Rispetto ai predetti istituti, l’ambito di applicazione dell’amministrazione di sostegno va individuato con riguardo non al diverso, e meno intenso, grado di infermità o di impossibilità di attendere ai propri interessi del soggetto carente di autonomia, ma piuttosto alla maggiore idoneità di tale strumento ad adeguarsi alle esigenze di detto soggetto, in relazione alla sua flessibilità ed alla maggiore agilità della relativa procedura applicativa (Cass. civ., sez. I,11/09/2015, n. 17962).
Ne consegue che, nello svolgimento dei suoi compiti, l’amministratore di sostegno deve tener conto dei bisogni e delle aspirazioni del beneficiario ed è gravato, dunque, da questo dovere di ascolto, e da quello di informare tempestivamente e preventivamente sia il beneficiario sugli atti da compiere, sia,in caso di dissenso con il soggetto assistito, il giudice tutelare il quale dovrà superare il contrasto, indicando all’amministratore la via da seguire. In definitiva, l’amministratore di sostegno è certamente tenuto a relazionare periodicamente sull’attività svolta e sulle condizioni di vita personale e sociale del beneficiario, ma il suo compito precipuo resta quello di assistere la persona nella gestione dei propri interessi patrimoniali e non anche la “cura della persona”, poiché l’art. 357 c.c. che indica tale funzione a proposito del tutore non rientra tra le disposizioni richiamate dall’art. 411 tra le “norme applicabili all’amministrazione di sostegno”.

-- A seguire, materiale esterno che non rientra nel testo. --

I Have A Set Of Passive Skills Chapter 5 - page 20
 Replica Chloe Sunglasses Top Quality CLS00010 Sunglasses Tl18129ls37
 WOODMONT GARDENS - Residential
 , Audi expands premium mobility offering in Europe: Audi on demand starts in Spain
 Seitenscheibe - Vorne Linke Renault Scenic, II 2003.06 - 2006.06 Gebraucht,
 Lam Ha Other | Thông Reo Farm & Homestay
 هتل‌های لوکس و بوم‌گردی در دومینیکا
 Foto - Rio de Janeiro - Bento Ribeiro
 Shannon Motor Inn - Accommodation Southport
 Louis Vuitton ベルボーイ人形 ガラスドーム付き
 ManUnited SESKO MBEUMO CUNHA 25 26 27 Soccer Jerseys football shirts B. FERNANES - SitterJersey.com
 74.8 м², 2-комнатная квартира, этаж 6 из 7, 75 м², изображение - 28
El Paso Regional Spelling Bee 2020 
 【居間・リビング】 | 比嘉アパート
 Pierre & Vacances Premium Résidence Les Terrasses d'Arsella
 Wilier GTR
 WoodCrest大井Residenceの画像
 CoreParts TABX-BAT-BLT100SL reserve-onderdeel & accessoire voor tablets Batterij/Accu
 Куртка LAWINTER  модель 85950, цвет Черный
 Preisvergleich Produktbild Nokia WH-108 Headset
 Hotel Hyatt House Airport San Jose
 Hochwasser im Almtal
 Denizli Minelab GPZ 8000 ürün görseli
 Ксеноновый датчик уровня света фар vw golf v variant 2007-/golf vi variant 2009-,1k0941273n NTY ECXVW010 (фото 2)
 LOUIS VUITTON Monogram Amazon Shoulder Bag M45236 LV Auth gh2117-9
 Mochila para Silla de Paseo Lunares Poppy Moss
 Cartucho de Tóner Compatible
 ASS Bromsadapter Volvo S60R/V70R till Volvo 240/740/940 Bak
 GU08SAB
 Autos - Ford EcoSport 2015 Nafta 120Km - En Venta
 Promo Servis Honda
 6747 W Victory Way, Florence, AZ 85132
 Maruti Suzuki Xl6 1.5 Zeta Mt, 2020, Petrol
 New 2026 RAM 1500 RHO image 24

A ciò si aggiunga che poiché il decreto di nomina contiene la definizione dei poteri e degli obblighi dell’amministratore e l’individuazione, in relazione alla specificità della situazione e delle esigenze del soggetto amministrato, degli atti che l’amministratore ha il potere di compiere in nome e per conto di quest’ultimo e quelli che costui può compiere da solo, in mancanza di apposite previsioni da parte dello stesso l’amministratore di sostegno non assume una posizione di garanzia rispetto ai beni della vita e dell’incolumità individuale del soggetto incapace.
La Corte di Cassazione con la sentenza n. 7974/2016 vuole, dunque, esprimere il principio di diritto secondo cui il ruolo dell’amministratore di sostegno è di aiutare a gestire i propri interessi patrimoniali le persone che non siano in grado di provvedervi autonomamente e non può estendersi fino a ricomprendere anche la cura della persona o la garanzia rispetto ai beni della vita e dell'incolumità individuale del soggetto posto sotto la sua assistenza, salvo diverse ed apposite previsioni contenute nel decreto di nomina. In tali condizioni non è, pertanto, possibile ascrivere allo stesso alcun reato di abbandono di incapace ex art. 591 c.p., che richiede, al contrario, per la sua configurabilità un soggetto che riveste una posizione di garanzia nei confronti del minore o dell’incapace.